Time:2013-12-17 Browse:56 Author:RISINGSUN
Commerzbank AG (CBK), Germany’s second biggest bank, sold 14 chemical tankers to a fund managed by Oaktree Capital Management LP, eliminating 280 million euros ($385 million) in bad shipping loans from its books.


The asset sale reduces the volume of non-performing loans at Commerzbank’s Deutsche Schiffsbank ship-finance unit by 6 percent compared with the end of September, the Frankfurt-based lender said in an e-mailed statement today. The “net capital relief effect” of 8 million euros means the sale “doesn’t significantly impact” fourth-quarter earnings, it said.

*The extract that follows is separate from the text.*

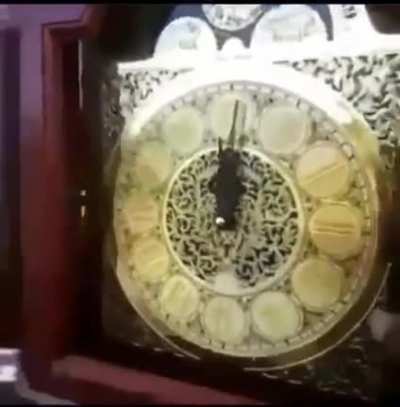 aincent ass clocks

Commerzbank, which announced its exit from ship financing in 2012, reduced its loan portfolio to the crisis-ridden industry this year by 3 billion euros to 15.7 billion euros as of Sept. 30, Otto said in an interview last month. The German lender is taking over ownership and operation of some ships from clients unable to repay their loans in a bid to salvage some of the debt.


“We will continue with our consistent strategy of value-preserving reduction,” Stefan Otto, head of the Hamburg-based Deutsche Schiffsbank unit that is part of Commerzbank’s non-core assets, said in the statement.


Germany’s top shipping lenders, including Commerzbank and HSH Nordbank AG, face rising credit default risks next year as bad debt from clients struggling to emerge from the industry crisis mounts, Moody’s Investors Service said in a report last week.
Private Investors


Oaktree, Blackstone Group LP (BX), JPMorgan Chase & Co. (JPM) and Tennenbaum Capital Partners LLC are among firms buying new and used German vessels and taking stakes in German shipping companies that need financial backing. They are replacing mostly private investors who for decades participated as limited partners in German ships.


Howard Marks, the chairman and co-founder of Oaktree Capital Group, indicated on Dec. 10 that shipping is one area his company is exploring for further takeovers, at a conference hosted by Goldman Sachs Group Inc. in New York.


“There absolutely is a paucity of bargain-priced distressed opportunities,” he said, according to a transcript of his comments. “Most of the distressed which is out there is in just a few pockets, shipping, power, non-prime real estate and Europe. And there we find opportunities to put money to work.”